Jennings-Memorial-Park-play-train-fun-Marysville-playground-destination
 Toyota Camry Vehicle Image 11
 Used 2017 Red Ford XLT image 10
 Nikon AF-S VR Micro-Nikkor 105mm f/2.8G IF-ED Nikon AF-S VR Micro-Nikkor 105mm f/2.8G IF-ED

++++++++++++++++++++

Your answer should be an exact copy of the lines from the one with "Toyota Camry Vehicle Image 11" through the end of the material, with no other lines.

Problem solution:
 Toyota Camry Vehicle Image 11
 Used 2017 Red Ford XLT image 10
 Nikon AF-S VR Micro-Nikkor 105mm f/2.8G IF-ED Nikon AF-S VR Micro-Nikkor 105mm f/2.8G IF-ED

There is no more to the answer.